L’âge du capitaine, en Afrique, n’est pas un problème en soi. Et c’est tant mieux. Tant qu’un homme a la force de diriger un pays, de faire grandir son peuple, pourquoi s’en priver? Mais, si une disposition constitutionnelle fixe un âge limite pour se présenter au suffrage universel, alors la supprimer a forcément un sens. Mais lequel? On pourrait dire qu’il y a de nombreux pays où aucune limite d’âge n’est présente dans la Constitution. C’est le cas en France, par exemple. Ce serait donc pour retirer une disposition qui n’a pas vraiment son utilité. Soit. Mais on voit mal comment, la mesure nouvellement introduite, ne servirait que de simple décor dans une nouvelle Constitution, sans qu’on songe à l’utiliser.
Alors à qui cette suppression d’un âge maximum pourrait-elle profiter? Il est clair que les interprétations iront bon train. Tellement, que toute la campagne référendaire sera polluée, phagocytée, par le débat sur les intentions cachées du Président.
On aura droit à des affirmations du genre « Alassane veut faire un troisième mandat » (ce qui reste constitutionnellement toujours impossible). Ou bien, « c’est pour Bédié qu’il le fait, il va lui rendre la pareille en 2020 ». Ou bien encore, le scénario du pire, « il se prépare à provoquer une élection présidentielle anticipée pour se représenter avec un vice-président et repartir pour deux mandats »…. Toutes les spéculations sauf le fond, qui revient, lui, à cette question : en quoi la troisième République fera entrer la Côte d’Ivoire dans la modernité, en quoi elle permettra une paix sociale durable et la prospérité au peuple ivoirien?

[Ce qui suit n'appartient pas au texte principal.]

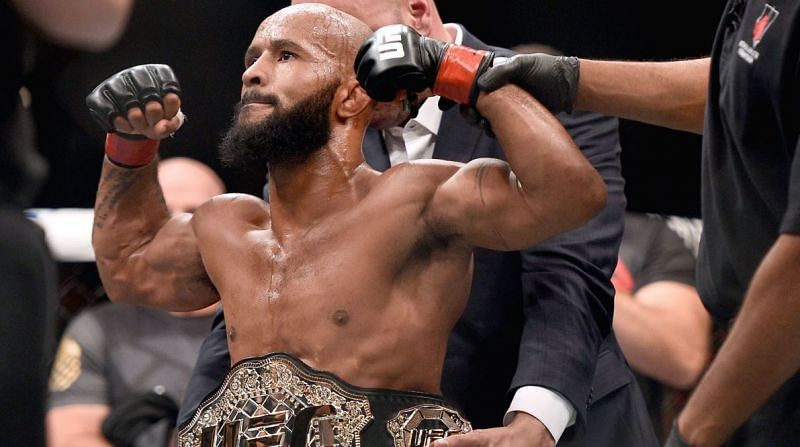 Demetrious Johnson is one of the greatest UFC fighters of all time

Le Président Ouattara pour aurait tout intérêt à lever l’hypothèque sur cette histoire d’âge pour dégager le terrain déjà broussailleux du débat constitutionnel. Pour qu’il ne soit pas pollué par des conjectures sans fin sur vos supposées intentions tactiques et « courtermistes », pour que le peule ivoirien puisse trancher en toute sérénité, dites-nous clairement, Monsieur le Président, puisque vous vous adressez à la nation à travers sa représentation ce mercredi 5 octobre, à quoi sert cette suppression du plafond d’âge des candidats dans le projet de constitution?